December 1st is also the traditional start date for Weihnachtsmärkte, Austrian and German outdoor holiday markets. According to Wikipedia, Vienna’s market is the oldest and dates back to 1294. This past weekend we had the fortune to go to Chicago’s very own Weihnachtsmärkte, the Christkindlmarket. The long-running market takes place at Daley Plaza in the heart of Chicago’s Loop and contains a giant Christmas Tree and tons of booths chock full of German handicrafts and food (like the Bavarian steins above). The Market runs through the 24th so there is still plenty of time to get festive.
3601 N Southport Ave
A stone’s throw from Wrigley Field. Julius Meinl is a little taste of Vienna right in Chicago. Julius Meinl is an Austrian company known for their coffee blends (and unique logo), and this cozy cafe is their only American outpost. You can either take out coffee and tea drinks to go, or dine in on a menu of American and European fare. The drink menu is stunningly comprehensive and extensive, featuring Meinl’s artisan coffee blends as well as specialty drinks like Black Forest Mocha ($4.45) and Vienna Eiskaffe ($2.95), a blend of espresso and vanilla ice cream.
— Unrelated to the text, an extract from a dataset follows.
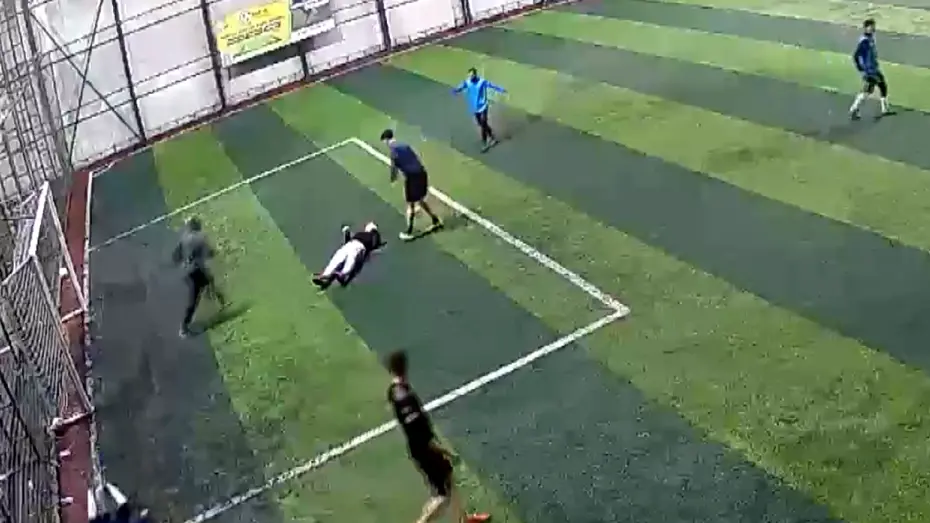 Halı sahada hayatını kaybetti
If you are eating in, there is table service at an ample seating area. Meinl has an extensive breakfast menu as well as soups and sandwiches. The European portion of the menu includes Spätzle, Crepes and Austrian goulash. A favorite off the American portion of the menu is the Chicken Salad Sandwich with grapes, apricots, walnuts and Tarragon dressing. The sandwich comes on hearty walnut wheat bread, with a small micro-green salad ($7.95).
However, perhaps the most enticing part of Julius Meinl are the desserts. You can scope out the goods, baked in-house, in the glass case at the counter, ranging from about $4-6. If you like chocolate, you won’t be disappointed. The Viennese Torte is an excellent mix of bittersweet chocolate and apricot jam, as is the Mohr Im Hemd – a chocolate cake with a molten chocolate center. The service is a bit erratic, unfortunately, but the surroundings are comfortable. If you’re ever around Wrigley Field, looking for a relaxing lunch or a cup of joe, Julius Meinl is a great alternative to the ho-hum Starbucks or Corner Bakery. Come for the coffee, stay for the dessert.